→ WORK INSTRUCTIONS
Starting at the line containing "RV Solar 101: Power Inverters (Part 5)" and ending at the line containing "Воблер ZIP BAITS", print every line of the material below exactly, both ends included, and stop there.

→ DATA TO USE
• • • •
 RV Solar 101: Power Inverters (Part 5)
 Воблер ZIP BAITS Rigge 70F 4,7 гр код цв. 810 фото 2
• • • •
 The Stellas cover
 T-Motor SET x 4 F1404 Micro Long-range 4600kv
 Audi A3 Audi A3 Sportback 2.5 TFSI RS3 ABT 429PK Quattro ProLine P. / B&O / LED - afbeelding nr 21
• • • •
→ ANSWER SECTION
 RV Solar 101: Power Inverters (Part 5)
 Воблер ZIP BAITS Rigge 70F 4,7 гр код цв. 810 фото 2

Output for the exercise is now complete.